Please transcribe the entries below without changing a single character.

[Crawled caption data]
____________

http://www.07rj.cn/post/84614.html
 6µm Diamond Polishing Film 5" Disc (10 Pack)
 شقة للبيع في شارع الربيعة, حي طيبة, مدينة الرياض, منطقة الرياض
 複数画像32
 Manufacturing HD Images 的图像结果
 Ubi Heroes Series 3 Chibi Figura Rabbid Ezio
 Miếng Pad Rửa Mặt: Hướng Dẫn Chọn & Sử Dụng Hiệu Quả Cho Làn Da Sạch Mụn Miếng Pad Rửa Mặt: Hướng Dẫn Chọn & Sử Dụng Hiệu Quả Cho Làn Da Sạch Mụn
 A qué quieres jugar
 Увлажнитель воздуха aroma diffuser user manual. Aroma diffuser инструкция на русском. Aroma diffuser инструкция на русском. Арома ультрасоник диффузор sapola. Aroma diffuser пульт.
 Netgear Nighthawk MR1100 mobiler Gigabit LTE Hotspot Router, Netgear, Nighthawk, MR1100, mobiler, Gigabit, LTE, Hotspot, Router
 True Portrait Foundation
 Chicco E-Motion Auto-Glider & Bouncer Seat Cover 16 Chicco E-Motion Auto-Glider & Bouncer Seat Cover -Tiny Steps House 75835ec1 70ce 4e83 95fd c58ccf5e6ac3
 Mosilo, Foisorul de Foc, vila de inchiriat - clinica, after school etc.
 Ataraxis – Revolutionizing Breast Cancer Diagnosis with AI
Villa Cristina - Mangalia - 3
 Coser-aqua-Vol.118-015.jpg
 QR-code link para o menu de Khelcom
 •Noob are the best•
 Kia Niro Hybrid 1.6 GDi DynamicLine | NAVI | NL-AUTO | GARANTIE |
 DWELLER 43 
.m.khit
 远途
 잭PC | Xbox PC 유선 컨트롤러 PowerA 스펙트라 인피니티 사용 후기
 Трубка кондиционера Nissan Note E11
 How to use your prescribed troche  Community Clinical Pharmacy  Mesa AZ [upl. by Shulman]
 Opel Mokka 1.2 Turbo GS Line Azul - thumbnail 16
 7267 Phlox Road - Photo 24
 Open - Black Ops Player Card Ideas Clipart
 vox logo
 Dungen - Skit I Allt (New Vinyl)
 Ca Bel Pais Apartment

____________

Problem solution ->
http://www.07rj.cn/post/84614.html
 6µm Diamond Polishing Film 5" Disc (10 Pack)
 شقة للبيع في شارع الربيعة, حي طيبة, مدينة الرياض, منطقة الرياض
 複数画像32
 Manufacturing HD Images 的图像结果
 Ubi Heroes Series 3 Chibi Figura Rabbid Ezio
 Miếng Pad Rửa Mặt: Hướng Dẫn Chọn & Sử Dụng Hiệu Quả Cho Làn Da Sạch Mụn Miếng Pad Rửa Mặt: Hướng Dẫn Chọn & Sử Dụng Hiệu Quả Cho Làn Da Sạch Mụn
 A qué quieres jugar
 Увлажнитель воздуха aroma diffuser user manual. Aroma diffuser инструкция на русском. Aroma diffuser инструкция на русском. Арома ультрасоник диффузор sapola. Aroma diffuser пульт.
 Netgear Nighthawk MR1100 mobiler Gigabit LTE Hotspot Router, Netgear, Nighthawk, MR1100, mobiler, Gigabit, LTE, Hotspot, Router
 True Portrait Foundation
 Chicco E-Motion Auto-Glider & Bouncer Seat Cover 16 Chicco E-Motion Auto-Glider & Bouncer Seat Cover -Tiny Steps House 75835ec1 70ce 4e83 95fd c58ccf5e6ac3
 Mosilo, Foisorul de Foc, vila de inchiriat - clinica, after school etc.
 Ataraxis – Revolutionizing Breast Cancer Diagnosis with AI
Villa Cristina - Mangalia - 3
 Coser-aqua-Vol.118-015.jpg
 QR-code link para o menu de Khelcom
 •Noob are the best•
 Kia Niro Hybrid 1.6 GDi DynamicLine | NAVI | NL-AUTO | GARANTIE |
 DWELLER 43 
.m.khit
 远途
 잭PC | Xbox PC 유선 컨트롤러 PowerA 스펙트라 인피니티 사용 후기
 Трубка кондиционера Nissan Note E11
 How to use your prescribed troche  Community Clinical Pharmacy  Mesa AZ [upl. by Shulman]
 Opel Mokka 1.2 Turbo GS Line Azul - thumbnail 16
 7267 Phlox Road - Photo 24
 Open - Black Ops Player Card Ideas Clipart
 vox logo
 Dungen - Skit I Allt (New Vinyl)
 Ca Bel Pais Apartment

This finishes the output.